En segundo lugar, para quienes argumentan que las prácticas no heterosexuales son antinaturales, la ciencia actual ha desmentido este hecho con creces. Cualquiera que tenga acceso a Internet puede buscar las diferentes especies animales que se reproducen a sí mismas sin compañero, como aquellas otras que solo comparten sexualmente con miembros de su mismo sexo.
En tercer lugar está el problema cultural. Lo sabemos, es un lugar común: somos producto de la cultura. Y la nuestra, según se ha visto, está estructurada de manera tal que lo masculino y todo lo que esto representa sea lo dominante.
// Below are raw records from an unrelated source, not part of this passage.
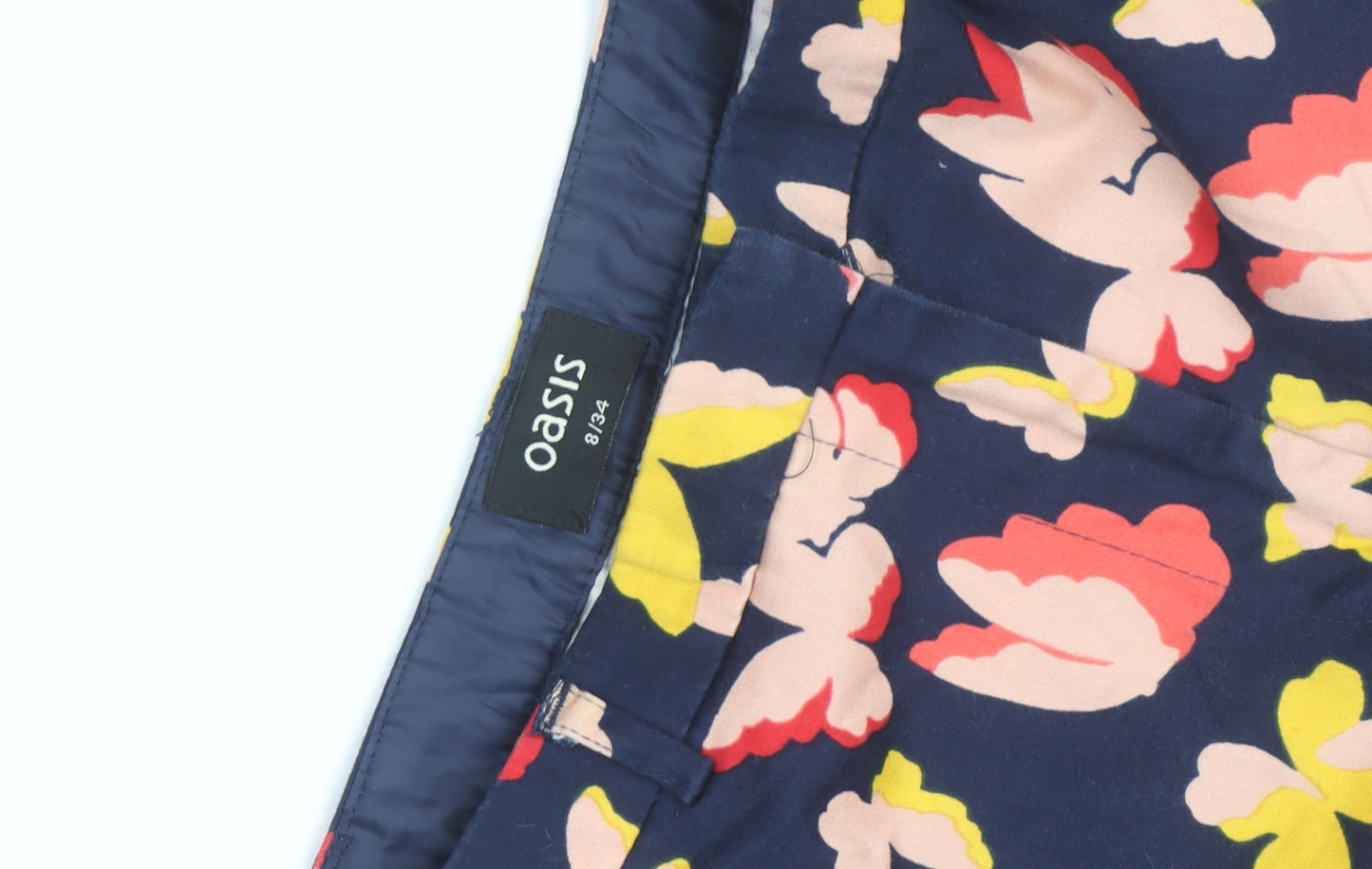 Oasis Women’s Multicoloured Floral Ankle Slim Trousers Size 8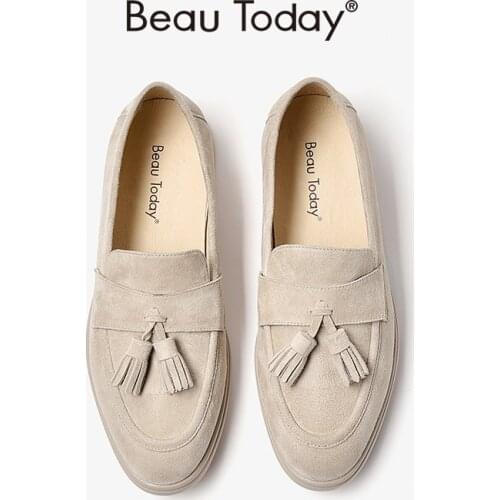 BeauToday Loafers Women Kid Suede Slip-On Flats Genuine Leather Fringes Square Toe Ballets Women Moccasin Shoes Handmade 27359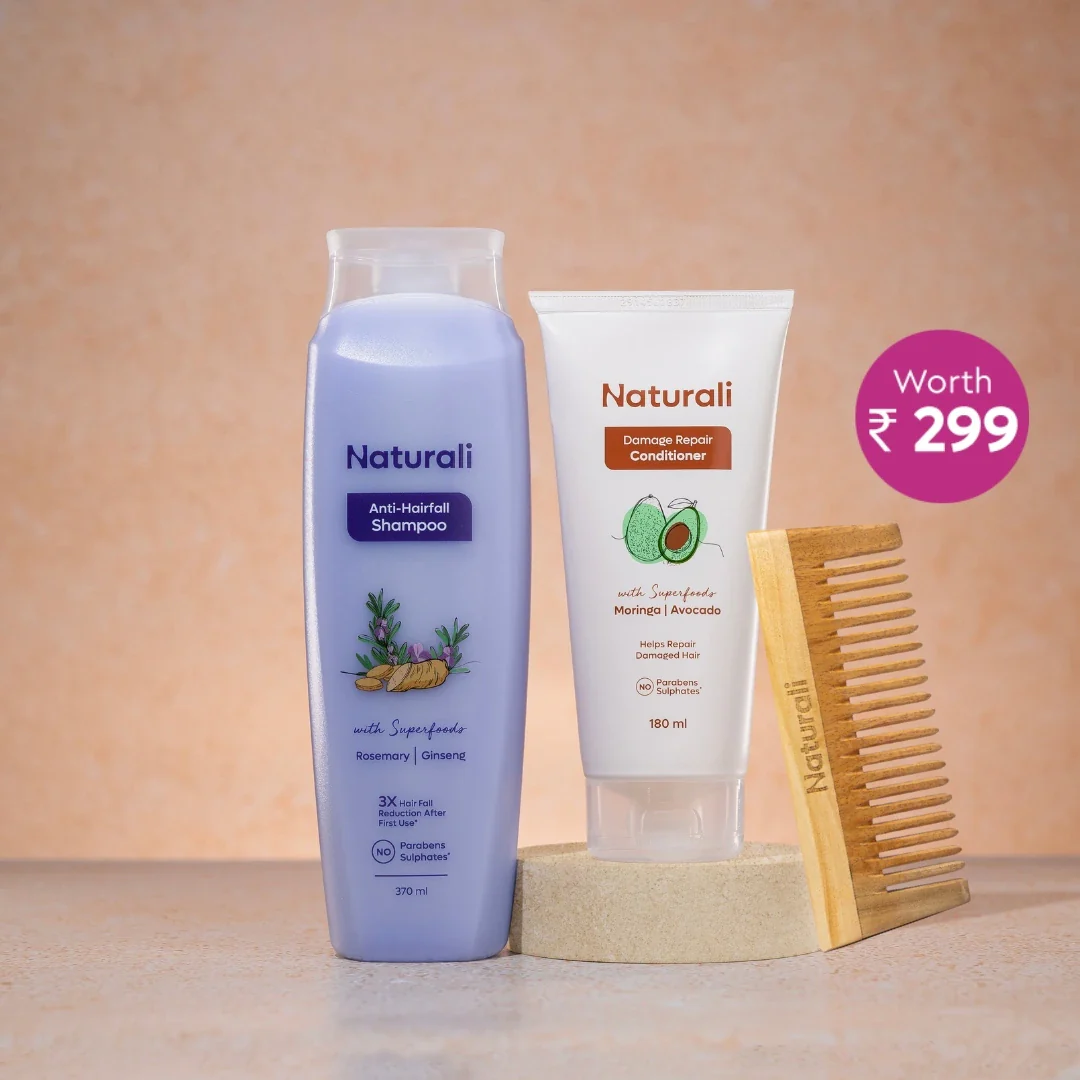 Naturali Anti-Hairfall Shampoo + Damage Repair Conditioner + Wooden Neem Comb - Image 6
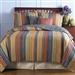 Full / Queen 100% Cotton Quilt Set with Red Orange Blue Brown Stripes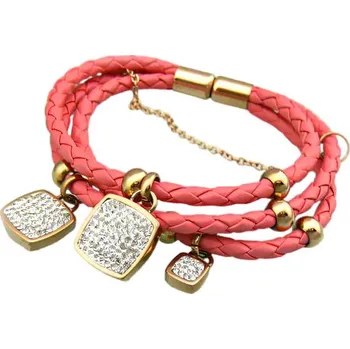 Náramek Náramek s růžovými pletenými pásky a třemi zlatými přívěsky se zirkony, elegantní design pro každodenní nošení.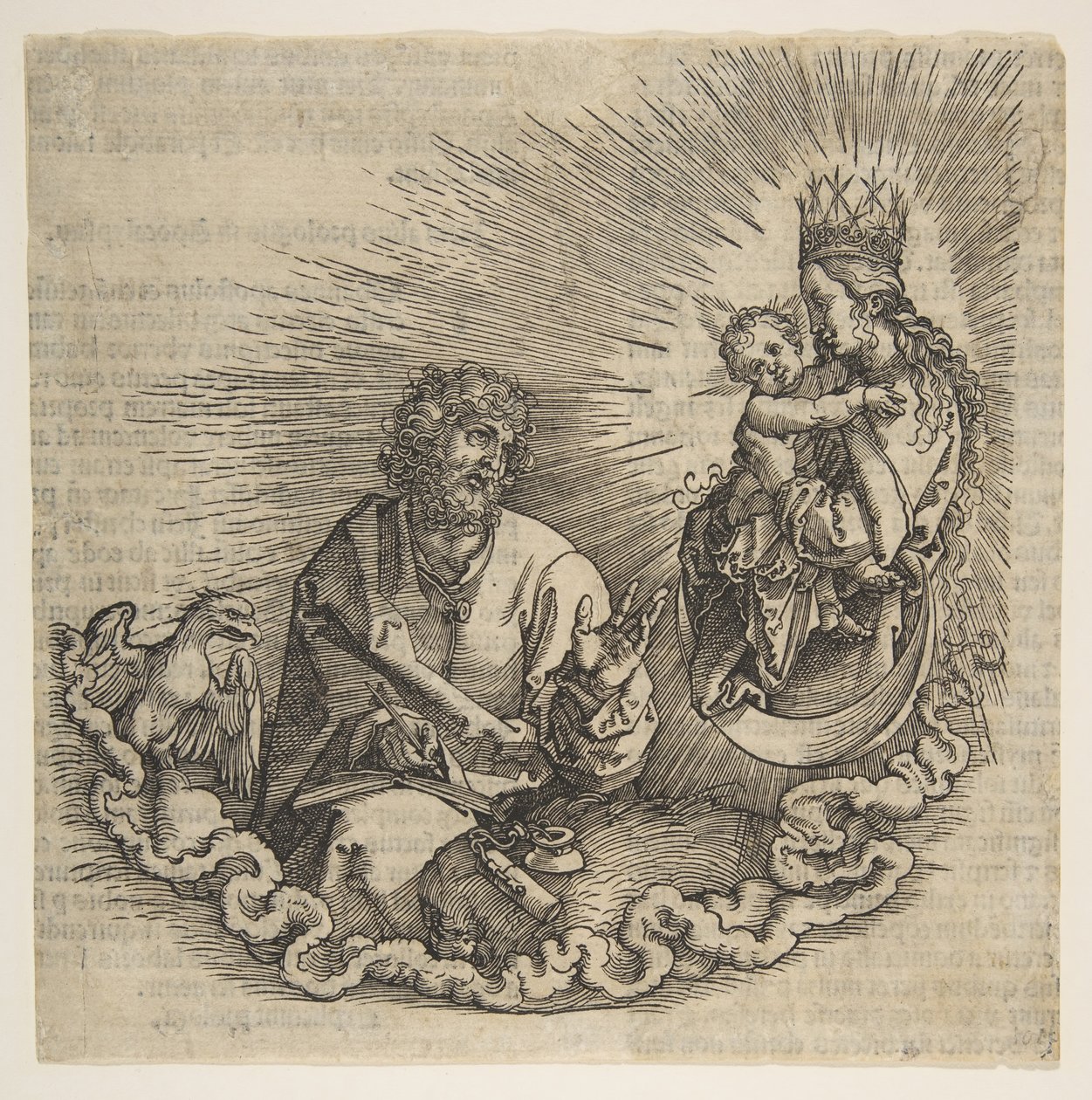 Die Jungfrau erscheint dem heiligen Johannes, Frontispiz zur Apokalypse, 1511 von Albrecht Dürer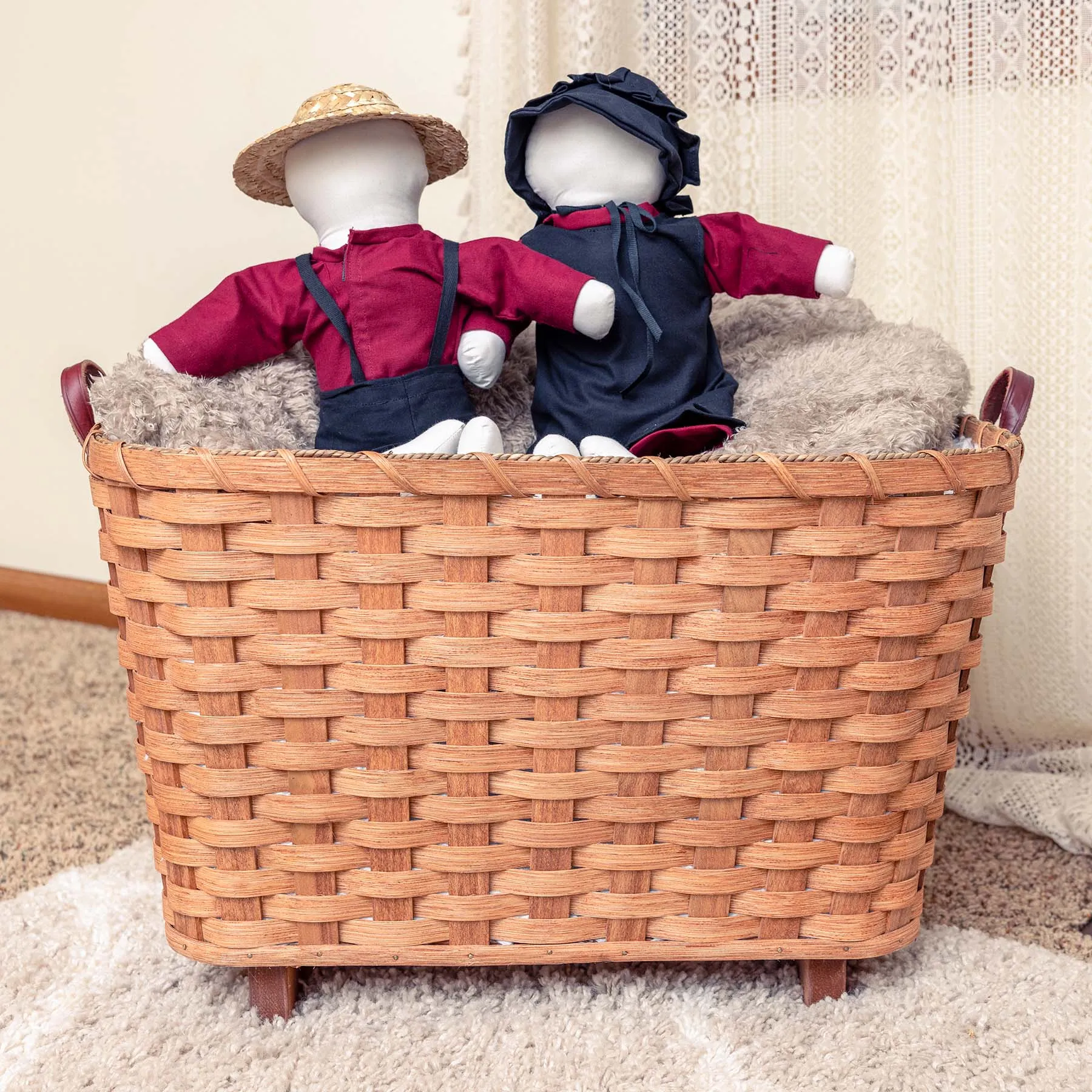 Throw Blanket Basket | Decorative Amish Wicker Living Room Storage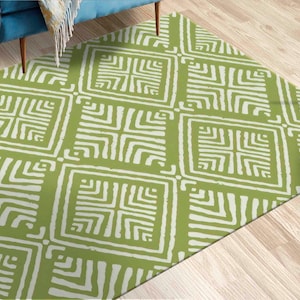 Green Bohemian Rug: 3D Printed Soft Decor Rug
Para los guatemaltecos tradicionales, aceptar que los homosexuales, las lesbianas y demás personas en el espectro de la diversidad sexual tienen derecho a expresar libremente sus preferencias resulta inconcebible. Esto es así, imagino (trato de entender sus argumentos y el sentimiento que hay detrás de estos), porque aceptar la diversidad sexual implicaría que tendrían que admitir que el orden de las cosas está cambiando, que los privilegios que han tenido desde niños y desde hace milenios están en peligro, y porque simplemente tienen miedo. Por eso vociferan. Por eso se dan golpes en el pecho, se rasgan las vestiduras y presentan leyes a todas luces inconstitucionales. Por ello se oponen a la educación sexual, al aborto, a que las personas quieran decidir qué hacer con su cuerpo.
Bajo esta lógica, la del miedo, sus argumentos son comprensibles pero insostenibles. En la sociedad globalizada y tecnificada en que vivimos ya no es posible ocultar la realidad, que está a un clic de cualquier dedo curioso. El mundo está cambiando y tarde o temprano (ojalá más temprano que tarde) tendremos que reconocer que debemos estar al ritmo de los tiempos o que nuestra propia ceguera nos conducirá a la aniquilación colectiva.
Es inconcebible que, a pesar de estar en el siglo XXI, algunos piensen (y, peor aún, intenten imponer su manera de pensar al resto) como se pensaba hace más de 1 500 años. En el nuevo milenio, el reto es vivir y convivir no solo juntos, sino revueltos. Nos toca, como mínimo, aceptarnos en nuestras diferencias y luchar unidos por un mundo donde haya libertad, equidad y justicia.